The War of the Worlds
Rhum and Clay Theatre Company
Despite the title, this is not a dramatisation of the 1898 novel by H G Wells. It follows the 1938 radio adaptation by Orson Welles in moving the Martian invasion from Surrey to Grover's Mill, New Jersey, but it isn't a stage version of this either. However, it uses the alleged panic caused by The Mercury Theatre on the Air's live broadcast as a way into a story about how people can be manipulated, deliberately or not, into believing the most unlikely things—a lesson from between the wars about a very up-to-date issue.
It begins in an old radio studio from where the Welles play is being broadcast as all four actors play the great man together, with pipe in hand, as well as the other actors in his company. Welles also turns to the audience from time to time to explain what was happening around the broadcast. But then, quite a way into the first act, the story jumps to London in 2016 between the Brexit referendum and the election of Donald Trump as a young podcaster (Jess Mabel Jones), trying to get into proper radio production, interviews a man whose recently deceased grandmother allegedly was abandoned by her family in America for a day when she was 13 in 1938 because they were convinced that the Martians were invading.

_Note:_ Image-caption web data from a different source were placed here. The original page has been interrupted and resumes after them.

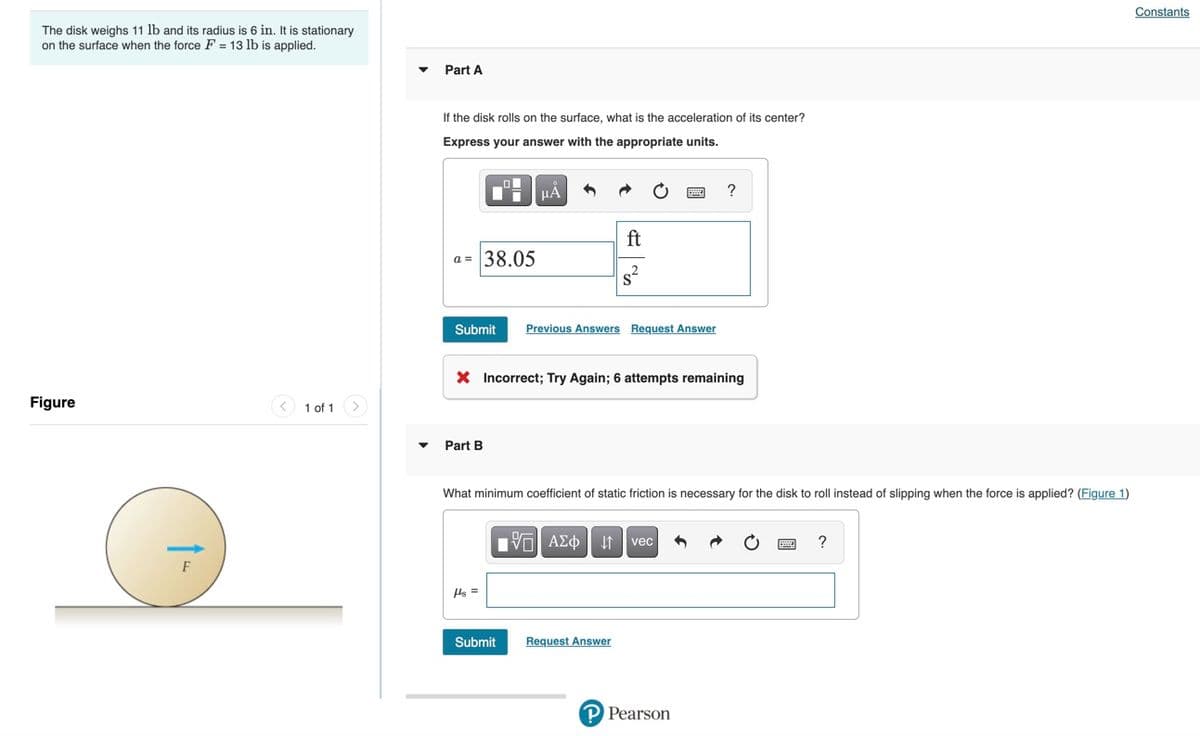 Constants
The disk weighs 11 lb and its radius is 6 in. It is stationary
on the surface when the force F = 13 lb is applied.
Part A
If the disk rolls on the surface, what is the acceleration of its center?
Express your answer with the appropriate units.
HẢ
?
ft
a = 38.05
Submit
Previous Answers Request Answer
X Incorrect; Try Again; 6 attempts remaining
Figure
< 1 of 1 >
Part B
What minimum coefficient of static friction
necessary for the disk to roll instead of slipping when the force is applied? (Figure 1)
να ΑΣφ
?
vec
Hs =
Submit
Request Answer
P Pearson
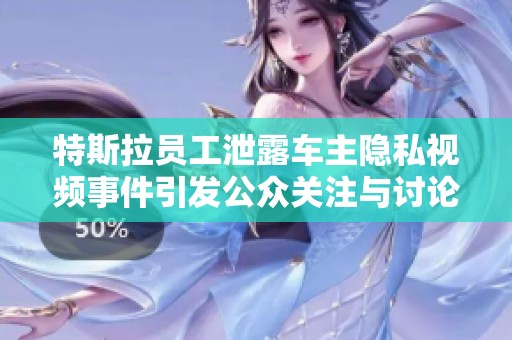 特斯拉员工泄露车主隐私视频事件引发公众关注与讨论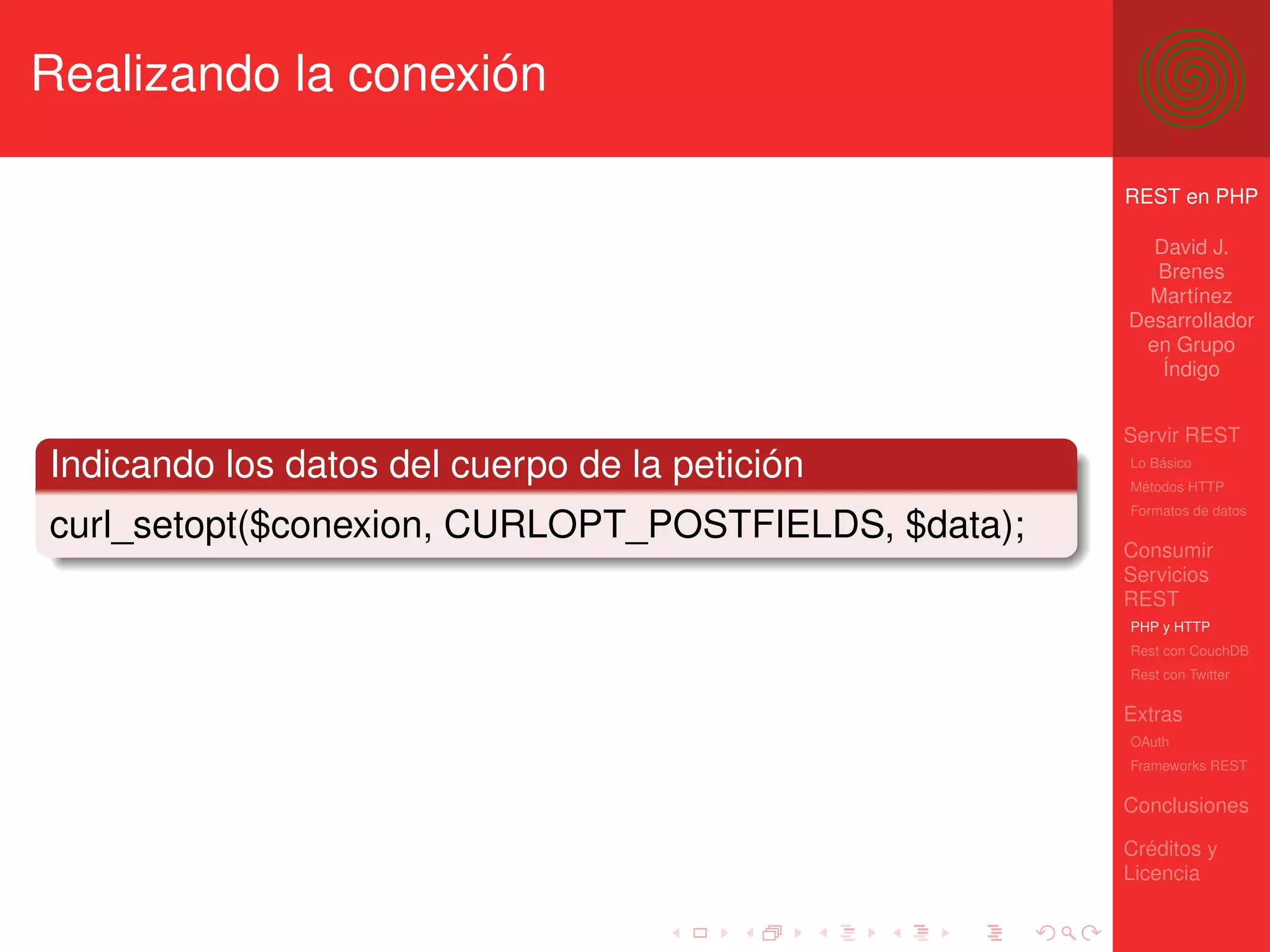 Realizando la conexión

                                                     REST en PHP

                                                       David J.
                                                       Brenes
                                                       Martínez
                                                     Desarrollador
                                                      en Grupo
                                                        Índigo


                                                     Servir REST
Indicando los datos del cuerpo de la petición        Lo Básico
                                                     Métodos HTTP
                                                     Formatos de datos
curl_setopt($conexion, CURLOPT_POSTFIELDS, $data);
                                                     Consumir
                                                     Servicios
                                                     REST
                                                     PHP y HTTP
                                                     Rest con CouchDB
                                                     Rest con Twitter

                                                     Extras
                                                     OAuth
                                                     Frameworks REST

                                                     Conclusiones

                                                     Créditos y
                                                     Licencia
 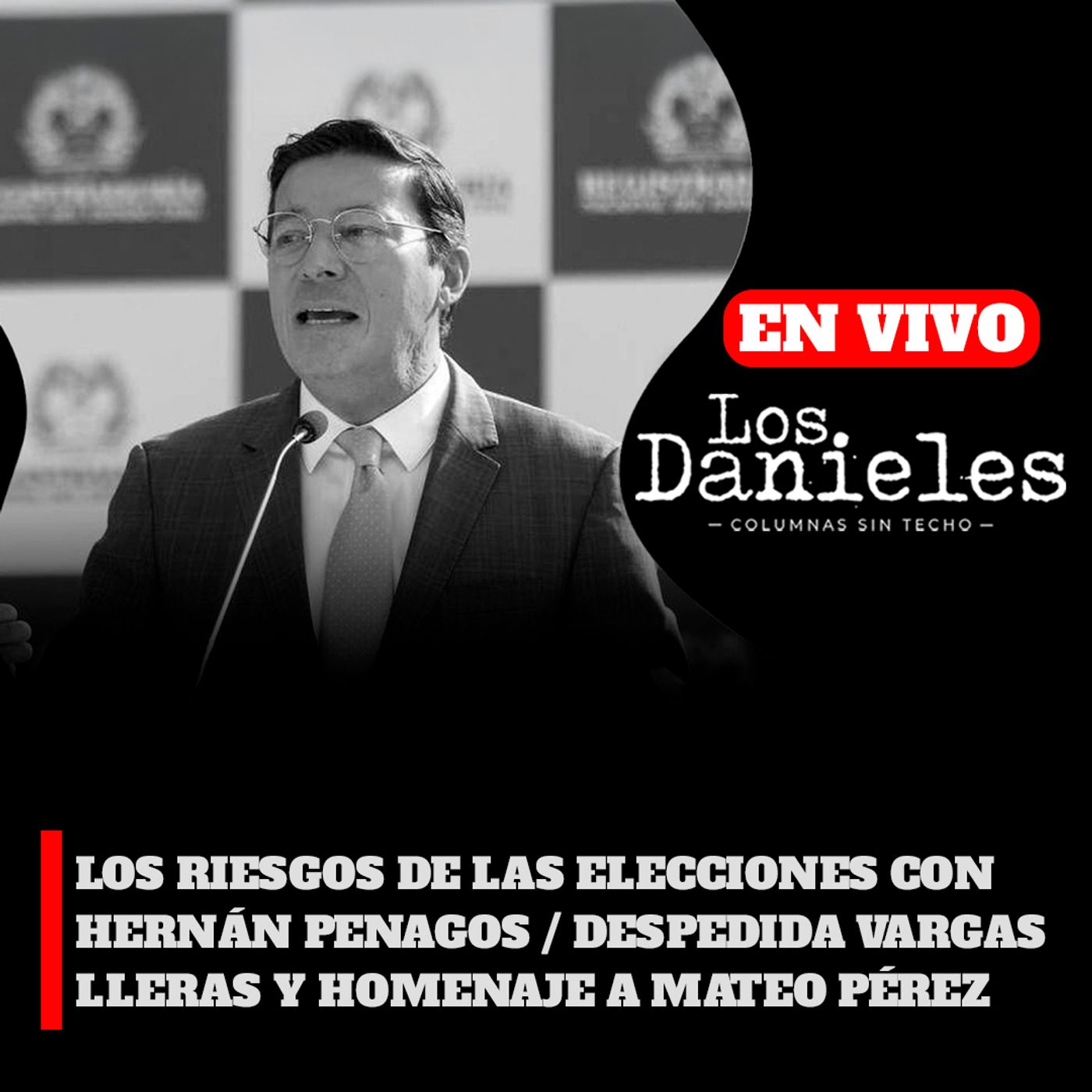 LOS RIESGOS DE LAS ELECCIONES CON HERNÁN PENAGOS / DESPEDIDA VARGAS LLERAS Y HOMENAJE A MATEO PÉREZ episode artwork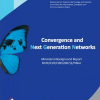 Convergence and Next Generation Networks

The interview isn't enough for the radio producer, so she takes off to New Jersey and finds the daughter of the grandmother's estranged brother (Gina Isaac), who doesn't believe the grandmother's version of events, or even the stories of the panic in 1938. However her husband (Matt Wells) believes all sorts of wild conspiracy theories, while her journalism college drop-out son (Julian Spooner) has a secret profitable sideline making up conspiracy theories and pushing them out to the Internet as he says it's what people want to read (I know there are people who do this as I once read an interview with one of them... oh, or maybe there aren't).
Her way of gaining access to the family wasn't exactly ethical and her original interviewee has withdrawn his consent, so she starts to have second thoughts about whether she should do the broadcast, while her producer tries to convince her that it's what people need to know: the Truth. Finally, we see a brief but terrifying moment of a modern TV news adaptation of the Wells story in the Welles mode as Sky News appears to bring reports of the end of civilisation.
It's quite a jumble of stories, references and styles, but somehow it works. If anything, I'd say it doesn't need as much of the Orson Welles parts as, while it sets up the themes and ideas behind the piece nicely, I found the story of the young reporter much more interesting, although the pace of it does flag a bit in the middle of the second half. But it's a clever way of looking at the very modern issues of conspiracy theories, manipulation of people's beliefs and the ethics of journalism through an event that may or may not have happened over 80 years ago, compelling told by a dedicated cast and tightly directed by Hamish McDougall and Julian Spooner.
Just as Jaws isn't a film about a shark, The War of the World in this form isn't a play about a Martian invasion, but it uses its sources to tell a modern tale in a way that Wells wouldn't recognise but I think Welles might admire.